_TASK BRIEF_. Set down a word-for-word copy of the data below, limited to the lines from the first through the line with "Mug Scandi moderne".

(Short text fragments from websites)
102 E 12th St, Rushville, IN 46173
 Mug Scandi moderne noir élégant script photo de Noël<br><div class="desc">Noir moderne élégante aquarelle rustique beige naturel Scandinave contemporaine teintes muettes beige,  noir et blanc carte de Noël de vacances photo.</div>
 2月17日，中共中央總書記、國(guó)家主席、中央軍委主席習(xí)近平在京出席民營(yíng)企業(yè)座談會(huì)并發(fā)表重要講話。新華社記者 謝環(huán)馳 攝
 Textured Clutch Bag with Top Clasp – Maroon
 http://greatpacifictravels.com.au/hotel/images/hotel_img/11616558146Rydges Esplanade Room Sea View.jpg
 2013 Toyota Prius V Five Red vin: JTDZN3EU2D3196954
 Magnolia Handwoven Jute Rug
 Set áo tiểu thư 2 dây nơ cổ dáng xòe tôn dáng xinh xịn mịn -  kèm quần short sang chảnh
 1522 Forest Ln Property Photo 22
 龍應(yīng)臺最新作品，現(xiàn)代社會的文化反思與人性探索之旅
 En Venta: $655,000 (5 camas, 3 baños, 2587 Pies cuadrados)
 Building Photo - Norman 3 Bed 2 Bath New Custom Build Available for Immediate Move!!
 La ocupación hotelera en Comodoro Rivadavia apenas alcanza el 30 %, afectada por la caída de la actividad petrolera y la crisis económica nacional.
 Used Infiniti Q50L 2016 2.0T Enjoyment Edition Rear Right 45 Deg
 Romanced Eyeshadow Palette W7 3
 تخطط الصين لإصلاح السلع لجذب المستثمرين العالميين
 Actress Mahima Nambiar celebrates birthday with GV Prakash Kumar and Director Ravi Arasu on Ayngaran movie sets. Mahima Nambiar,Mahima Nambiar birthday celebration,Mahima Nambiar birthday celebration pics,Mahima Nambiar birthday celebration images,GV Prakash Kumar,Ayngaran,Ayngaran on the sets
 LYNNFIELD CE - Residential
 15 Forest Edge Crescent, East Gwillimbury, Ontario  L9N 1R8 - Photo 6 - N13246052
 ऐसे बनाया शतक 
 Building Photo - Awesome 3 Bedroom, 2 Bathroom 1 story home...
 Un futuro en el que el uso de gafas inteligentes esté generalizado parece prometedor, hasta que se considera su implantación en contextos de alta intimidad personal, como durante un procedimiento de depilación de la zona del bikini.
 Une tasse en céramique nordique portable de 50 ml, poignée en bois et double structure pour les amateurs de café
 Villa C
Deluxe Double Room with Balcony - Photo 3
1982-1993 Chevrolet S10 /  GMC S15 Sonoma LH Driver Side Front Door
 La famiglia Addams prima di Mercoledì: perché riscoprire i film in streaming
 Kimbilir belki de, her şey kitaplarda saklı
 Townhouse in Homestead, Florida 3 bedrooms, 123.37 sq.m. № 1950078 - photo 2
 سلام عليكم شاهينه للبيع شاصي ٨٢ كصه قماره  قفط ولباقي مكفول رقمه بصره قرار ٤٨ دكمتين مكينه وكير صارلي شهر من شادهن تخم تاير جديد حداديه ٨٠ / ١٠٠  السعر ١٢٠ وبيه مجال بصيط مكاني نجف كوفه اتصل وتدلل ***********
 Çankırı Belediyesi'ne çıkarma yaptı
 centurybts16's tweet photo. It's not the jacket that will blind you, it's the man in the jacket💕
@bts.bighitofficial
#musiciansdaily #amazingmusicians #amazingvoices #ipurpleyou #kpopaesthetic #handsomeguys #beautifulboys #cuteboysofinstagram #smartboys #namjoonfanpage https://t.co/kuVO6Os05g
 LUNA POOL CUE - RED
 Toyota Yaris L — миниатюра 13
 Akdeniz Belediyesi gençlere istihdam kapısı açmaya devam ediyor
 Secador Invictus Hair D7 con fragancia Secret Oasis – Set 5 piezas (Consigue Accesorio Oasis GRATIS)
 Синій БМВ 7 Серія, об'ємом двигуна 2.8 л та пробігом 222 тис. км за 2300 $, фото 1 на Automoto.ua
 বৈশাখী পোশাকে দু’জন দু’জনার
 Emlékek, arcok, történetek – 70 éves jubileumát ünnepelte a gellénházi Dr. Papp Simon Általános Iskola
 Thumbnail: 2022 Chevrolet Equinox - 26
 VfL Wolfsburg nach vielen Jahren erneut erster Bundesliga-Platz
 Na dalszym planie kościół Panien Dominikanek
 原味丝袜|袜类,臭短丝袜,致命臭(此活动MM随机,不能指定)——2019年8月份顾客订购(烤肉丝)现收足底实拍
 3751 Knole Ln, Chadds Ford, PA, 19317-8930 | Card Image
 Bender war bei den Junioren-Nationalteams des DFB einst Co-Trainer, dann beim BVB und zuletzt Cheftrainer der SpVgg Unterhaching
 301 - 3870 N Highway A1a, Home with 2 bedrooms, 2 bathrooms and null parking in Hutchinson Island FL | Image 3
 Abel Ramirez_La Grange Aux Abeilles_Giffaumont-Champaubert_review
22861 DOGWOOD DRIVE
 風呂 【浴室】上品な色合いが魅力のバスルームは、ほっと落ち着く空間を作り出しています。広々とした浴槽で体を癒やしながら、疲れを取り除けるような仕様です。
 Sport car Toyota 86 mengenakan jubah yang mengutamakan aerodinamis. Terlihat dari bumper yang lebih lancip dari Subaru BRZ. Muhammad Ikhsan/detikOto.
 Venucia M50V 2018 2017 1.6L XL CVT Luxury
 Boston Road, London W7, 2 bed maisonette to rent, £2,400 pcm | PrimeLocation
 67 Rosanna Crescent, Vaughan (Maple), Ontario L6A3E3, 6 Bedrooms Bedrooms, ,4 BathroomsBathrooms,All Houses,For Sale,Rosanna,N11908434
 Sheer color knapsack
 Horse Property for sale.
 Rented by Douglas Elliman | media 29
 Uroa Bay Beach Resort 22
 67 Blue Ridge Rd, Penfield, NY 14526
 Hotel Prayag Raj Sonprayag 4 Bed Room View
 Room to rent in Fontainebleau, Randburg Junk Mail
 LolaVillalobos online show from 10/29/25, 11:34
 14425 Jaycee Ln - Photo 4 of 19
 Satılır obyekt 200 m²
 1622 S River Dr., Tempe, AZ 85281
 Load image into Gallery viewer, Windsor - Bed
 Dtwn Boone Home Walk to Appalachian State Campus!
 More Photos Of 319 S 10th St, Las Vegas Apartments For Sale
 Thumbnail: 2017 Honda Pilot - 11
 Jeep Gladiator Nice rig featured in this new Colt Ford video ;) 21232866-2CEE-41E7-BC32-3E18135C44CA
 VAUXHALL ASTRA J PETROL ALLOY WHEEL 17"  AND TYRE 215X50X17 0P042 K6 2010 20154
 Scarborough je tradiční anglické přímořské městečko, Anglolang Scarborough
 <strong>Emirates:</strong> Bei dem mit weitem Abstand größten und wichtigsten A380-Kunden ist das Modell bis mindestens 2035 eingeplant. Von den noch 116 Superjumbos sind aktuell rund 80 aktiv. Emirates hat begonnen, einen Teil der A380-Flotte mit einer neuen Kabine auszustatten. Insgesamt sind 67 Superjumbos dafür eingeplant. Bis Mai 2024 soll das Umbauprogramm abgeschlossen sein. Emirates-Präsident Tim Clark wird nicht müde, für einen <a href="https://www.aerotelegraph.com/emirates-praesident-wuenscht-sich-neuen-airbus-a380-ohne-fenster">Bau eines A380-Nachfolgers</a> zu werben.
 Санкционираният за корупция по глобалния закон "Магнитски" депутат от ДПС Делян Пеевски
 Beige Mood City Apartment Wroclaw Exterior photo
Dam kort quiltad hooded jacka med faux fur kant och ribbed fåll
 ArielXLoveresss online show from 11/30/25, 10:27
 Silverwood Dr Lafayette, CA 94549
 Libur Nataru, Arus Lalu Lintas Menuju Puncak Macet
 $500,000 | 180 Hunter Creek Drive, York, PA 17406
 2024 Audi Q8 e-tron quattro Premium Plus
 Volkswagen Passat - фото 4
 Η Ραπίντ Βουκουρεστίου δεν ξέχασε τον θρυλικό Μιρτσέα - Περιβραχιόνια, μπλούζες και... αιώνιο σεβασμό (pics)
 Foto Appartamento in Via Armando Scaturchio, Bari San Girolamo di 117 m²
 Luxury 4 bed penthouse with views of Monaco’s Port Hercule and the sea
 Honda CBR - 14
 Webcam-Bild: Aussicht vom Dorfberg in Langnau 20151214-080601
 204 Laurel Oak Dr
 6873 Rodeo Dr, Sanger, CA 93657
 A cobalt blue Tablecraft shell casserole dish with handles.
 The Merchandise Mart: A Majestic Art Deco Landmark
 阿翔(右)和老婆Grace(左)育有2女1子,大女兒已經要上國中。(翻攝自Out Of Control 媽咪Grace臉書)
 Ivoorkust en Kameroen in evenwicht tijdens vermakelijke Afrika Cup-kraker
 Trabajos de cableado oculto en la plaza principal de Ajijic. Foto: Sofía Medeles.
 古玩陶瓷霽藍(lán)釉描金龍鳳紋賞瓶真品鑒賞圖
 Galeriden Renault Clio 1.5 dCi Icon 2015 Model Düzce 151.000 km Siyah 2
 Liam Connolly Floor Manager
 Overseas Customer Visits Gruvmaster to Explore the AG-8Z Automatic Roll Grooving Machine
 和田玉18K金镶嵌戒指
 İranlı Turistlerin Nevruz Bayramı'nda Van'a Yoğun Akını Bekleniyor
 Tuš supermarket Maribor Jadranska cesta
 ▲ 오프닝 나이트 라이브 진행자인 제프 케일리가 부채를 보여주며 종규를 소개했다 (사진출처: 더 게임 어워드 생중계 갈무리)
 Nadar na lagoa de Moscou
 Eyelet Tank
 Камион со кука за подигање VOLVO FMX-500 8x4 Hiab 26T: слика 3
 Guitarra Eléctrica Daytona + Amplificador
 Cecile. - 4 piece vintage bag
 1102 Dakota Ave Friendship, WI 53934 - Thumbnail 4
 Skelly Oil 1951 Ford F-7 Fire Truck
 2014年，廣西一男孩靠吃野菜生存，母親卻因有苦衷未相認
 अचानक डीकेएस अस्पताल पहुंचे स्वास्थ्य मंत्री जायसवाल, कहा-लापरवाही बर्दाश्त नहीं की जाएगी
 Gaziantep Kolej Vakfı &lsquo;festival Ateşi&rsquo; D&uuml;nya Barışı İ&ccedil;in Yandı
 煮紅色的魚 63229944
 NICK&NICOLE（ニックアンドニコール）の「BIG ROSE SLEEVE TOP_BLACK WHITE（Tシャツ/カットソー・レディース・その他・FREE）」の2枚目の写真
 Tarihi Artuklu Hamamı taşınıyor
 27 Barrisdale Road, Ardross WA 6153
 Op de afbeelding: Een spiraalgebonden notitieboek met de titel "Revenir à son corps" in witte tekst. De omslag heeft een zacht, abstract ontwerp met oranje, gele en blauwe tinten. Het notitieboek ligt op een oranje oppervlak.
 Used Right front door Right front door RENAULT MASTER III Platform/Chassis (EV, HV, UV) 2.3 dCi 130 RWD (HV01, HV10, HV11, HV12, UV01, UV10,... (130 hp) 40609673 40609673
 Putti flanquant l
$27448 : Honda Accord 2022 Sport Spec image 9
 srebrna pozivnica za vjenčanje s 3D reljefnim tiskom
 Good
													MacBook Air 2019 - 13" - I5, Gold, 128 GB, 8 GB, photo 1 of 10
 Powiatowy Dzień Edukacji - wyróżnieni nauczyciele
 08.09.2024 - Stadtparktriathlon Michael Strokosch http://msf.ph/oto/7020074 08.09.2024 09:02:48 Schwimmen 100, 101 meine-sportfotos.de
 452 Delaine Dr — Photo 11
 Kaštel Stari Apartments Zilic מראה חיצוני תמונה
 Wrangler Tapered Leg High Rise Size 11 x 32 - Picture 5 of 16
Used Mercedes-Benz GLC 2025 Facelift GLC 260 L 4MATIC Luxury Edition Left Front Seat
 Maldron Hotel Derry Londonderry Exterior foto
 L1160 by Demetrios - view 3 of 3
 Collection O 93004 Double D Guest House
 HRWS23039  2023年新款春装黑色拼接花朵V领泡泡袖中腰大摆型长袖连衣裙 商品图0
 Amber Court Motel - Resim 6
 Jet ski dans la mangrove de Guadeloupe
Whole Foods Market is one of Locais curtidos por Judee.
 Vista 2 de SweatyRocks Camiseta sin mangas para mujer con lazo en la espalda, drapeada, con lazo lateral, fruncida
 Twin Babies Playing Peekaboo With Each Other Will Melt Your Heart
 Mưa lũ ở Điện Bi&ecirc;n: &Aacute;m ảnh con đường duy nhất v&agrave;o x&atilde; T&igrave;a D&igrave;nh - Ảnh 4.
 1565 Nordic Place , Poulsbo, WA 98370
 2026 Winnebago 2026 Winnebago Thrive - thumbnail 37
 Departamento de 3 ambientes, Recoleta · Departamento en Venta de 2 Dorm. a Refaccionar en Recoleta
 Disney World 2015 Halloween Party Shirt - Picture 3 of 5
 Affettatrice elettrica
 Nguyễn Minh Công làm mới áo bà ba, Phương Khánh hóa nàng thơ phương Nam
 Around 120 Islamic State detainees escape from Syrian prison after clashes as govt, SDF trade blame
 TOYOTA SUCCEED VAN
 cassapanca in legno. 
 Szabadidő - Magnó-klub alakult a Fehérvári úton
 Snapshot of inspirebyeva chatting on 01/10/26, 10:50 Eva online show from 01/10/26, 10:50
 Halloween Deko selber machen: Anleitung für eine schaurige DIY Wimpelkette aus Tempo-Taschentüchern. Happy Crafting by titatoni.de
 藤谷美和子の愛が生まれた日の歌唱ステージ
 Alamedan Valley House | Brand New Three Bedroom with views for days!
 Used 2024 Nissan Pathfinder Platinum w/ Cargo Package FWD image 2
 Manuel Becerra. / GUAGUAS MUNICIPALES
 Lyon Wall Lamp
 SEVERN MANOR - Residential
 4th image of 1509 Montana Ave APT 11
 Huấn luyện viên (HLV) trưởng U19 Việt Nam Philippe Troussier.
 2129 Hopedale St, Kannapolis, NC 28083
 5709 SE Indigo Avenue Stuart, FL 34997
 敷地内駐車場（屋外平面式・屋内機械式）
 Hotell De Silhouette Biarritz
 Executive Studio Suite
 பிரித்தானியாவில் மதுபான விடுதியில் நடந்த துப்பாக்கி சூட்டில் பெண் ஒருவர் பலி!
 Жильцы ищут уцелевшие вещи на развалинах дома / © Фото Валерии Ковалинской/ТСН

_RESPONSE TO THE TASK_.
102 E 12th St, Rushville, IN 46173
 Mug Scandi moderne noir élégant script photo de Noël<br><div class="desc">Noir moderne élégante aquarelle rustique beige naturel Scandinave contemporaine teintes muettes beige,  noir et blanc carte de Noël de vacances photo.</div>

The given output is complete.